Time for action – WordCount, the Hello World of MapReduce
Many applications, over time, acquire a canonical example that no beginner's guide should be without. For Hadoop, this is WordCount – an example bundled with Hadoop that counts the frequency of words in an input text file.
- First execute the following commands:
$ hadoop dfs -mkdir data $ hadoop dfs -cp test.txt data $ hadoop dfs -ls data Found 1 items -rw-r--r-- 1 hadoop supergroup 16 2012-10-26 23:20 /user/hadoop/data/test.txt
- Now execute these commands:
$ Hadoop Hadoop/hadoop-examples-1.0.4.jar wordcount data out 12/10/26 23:22:49 INFO input.FileInputFormat: Total input paths to process : 1 12/10/26 23:22:50 INFO mapred.JobClient: Running job: job_201210262315_0002 12/10/26 23:22:51 INFO mapred.JobClient: map 0% reduce 0% 12/10/26 23:23:03 INFO mapred.JobClient: map 100% reduce 0% 12/10/26 23:23:15 INFO mapred.JobClient: map 100% reduce 100% 12/10/26 23:23:17 INFO mapred.JobClient: Job complete: job_201210262315_0002 12/10/26 23:23:17 INFO mapred.JobClient: Counters: 17 12/10/26 23:23:17 INFO mapred.JobClient: Job Counters 12/10/26 23:23:17 INFO mapred.JobClient: Launched reduce tasks=1 12/10/26 23:23:17 INFO mapred.JobClient: Launched map tasks=1 12/10/26 23:23:17 INFO mapred.JobClient: Data-local map tasks=1 12/10/26 23:23:17 INFO mapred.JobClient: FileSystemCounters 12/10/26 23:23:17 INFO mapred.JobClient: FILE_BYTES_READ=46 12/10/26 23:23:17 INFO mapred.JobClient: HDFS_BYTES_READ=16 12/10/26 23:23:17 INFO mapred.JobClient: FILE_BYTES_WRITTEN=124 12/10/26 23:23:17 INFO mapred.JobClient: HDFS_BYTES_WRITTEN=24 12/10/26 23:23:17 INFO mapred.JobClient: Map-Reduce Framework 12/10/26 23:23:17 INFO mapred.JobClient: Reduce input groups=4 12/10/26 23:23:17 INFO mapred.JobClient: Combine output records=4 12/10/26 23:23:17 INFO mapred.JobClient: Map input records=1 12/10/26 23:23:17 INFO mapred.JobClient: Reduce shuffle bytes=46 12/10/26 23:23:17 INFO mapred.JobClient: Reduce output records=4 12/10/26 23:23:17 INFO mapred.JobClient: Spilled Records=8 12/10/26 23:23:17 INFO mapred.JobClient: Map output bytes=32 12/10/26 23:23:17 INFO mapred.JobClient: Combine input records=4 12/10/26 23:23:17 INFO mapred.JobClient: Map output records=4 12/10/26 23:23:17 INFO mapred.JobClient: Reduce input records=4
- Execute the following command:
$ hadoop fs -ls out Found 2 items drwxr-xr-x - hadoop supergroup 0 2012-10-26 23:22 /user/hadoop/out/_logs -rw-r--r-- 1 hadoop supergroup 24 2012-10-26 23:23 /user/hadoop/out/part-r-00000
- Now execute this command:
$ hadoop fs -cat out/part-0-00000 This 1 a 1 is 1 test. 1
What just happened?
We did three things here, as follows:
- Moved the previously created text file into a new directory on HDFS
- Ran the example WordCount job specifying this new directory and a non-existent output directory as arguments
- Used the
fs
utility to examine the output of the MapReduce job
As we said earlier, the pseudo-distributed mode has more Java processes, so it may seem curious that the job output is significantly shorter than for the standalone Pi. The reason is that the local standalone mode prints information about each individual task execution to the screen, whereas in the other modes this information is written only to logfiles on the running hosts.

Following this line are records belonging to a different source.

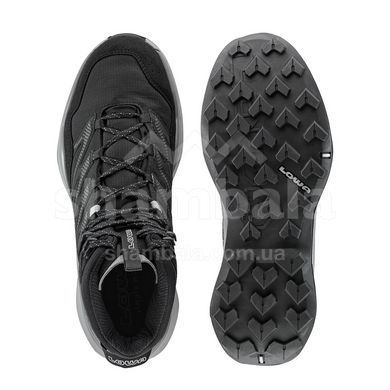 Черевики трекінгові чоловічі LOWA Maddox Pro GTX MID, Black/Grey, 47.0 (311620-9930-47.0)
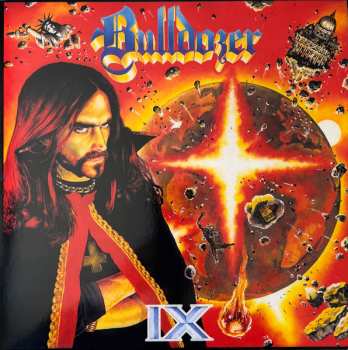 7LP/Caja Bulldozer: Ride Hard Die Fast · The Complete Bulldozer Discography 1984-1990 LTD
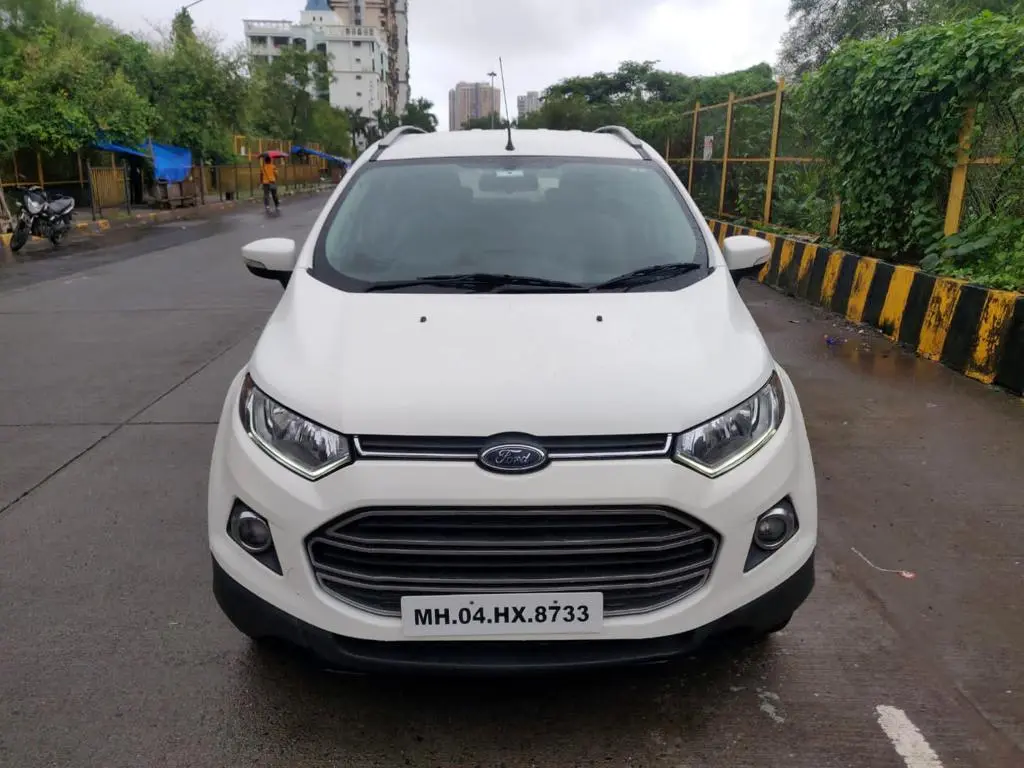 Ford EcoSport Titanium 1.5L Ti-VCT AT 2017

The output directory is created by Hadoop itself and the actual result files follow the part-nnnnn convention illustrated here; though given our setup, there is only one result file. We use the fs -cat
command to examine the file, and the results are as expected.
Note
If you specify an existing directory as the output source for a Hadoop job, it will fail to run and will throw an exception complaining of an already existing directory. If you want Hadoop to store the output to a directory, it must not exist. Treat this as a safety mechanism that stops Hadoop from writing over previous valuable job runs and something you will forget to ascertain frequently. If you are confident, you can override this behavior, as we will see later.
The Pi and WordCount programs are only some of the examples that ship with Hadoop. Here is how to get a list of them all. See if you can figure some of them out.

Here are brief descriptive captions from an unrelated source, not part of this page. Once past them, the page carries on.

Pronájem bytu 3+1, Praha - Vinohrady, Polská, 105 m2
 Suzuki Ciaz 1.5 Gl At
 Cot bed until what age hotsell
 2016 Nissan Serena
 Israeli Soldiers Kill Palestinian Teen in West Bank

$ hadoop jar hadoop/hadoop-examples-1.0.4.jar
Have a go hero – WordCount on a larger body of text
Running a complex framework like Hadoop utilizing five discrete Java processes to count the words in a single-line text file is not terribly impressive. The power comes from the fact that we can use exactly the same program to run WordCount on a larger file, or even a massive corpus of text spread across a multinode Hadoop cluster. If we had such a setup, we would execute exactly the same commands as we just did by running the program and simply specifying the location of the directories for the source and output data.
Find a large online text file—Project Gutenberg at http://www.gutenberg.org is a good starting point—and run WordCount on it by copying it onto the HDFS and executing the WordCount example. The output may not be as you expect because, in a large body of text, issues of dirty data, punctuation, and formatting will need to be addressed. Think about how WordCount could be improved; we'll study how to expand it into a more complex processing chain in the next chapter.
Monitoring Hadoop from the browser
So far, we have been relying on command-line tools and direct command output to see what our system is doing. Hadoop provides two web interfaces that you should become familiar with, one for HDFS and the other for MapReduce. Both are useful in pseudo-distributed mode and are critical tools when you have a fully distributed setup.
Point your web browser to port 50030 on the host running Hadoop. By default, the web interface should be available from both the local host and any other machine that has network access. Here is an example screenshot:

There is a lot going on here, but the immediately critical data tells us the number of nodes in the cluster, the filesystem size, used space, and links to drill down for more info and even browse the filesystem.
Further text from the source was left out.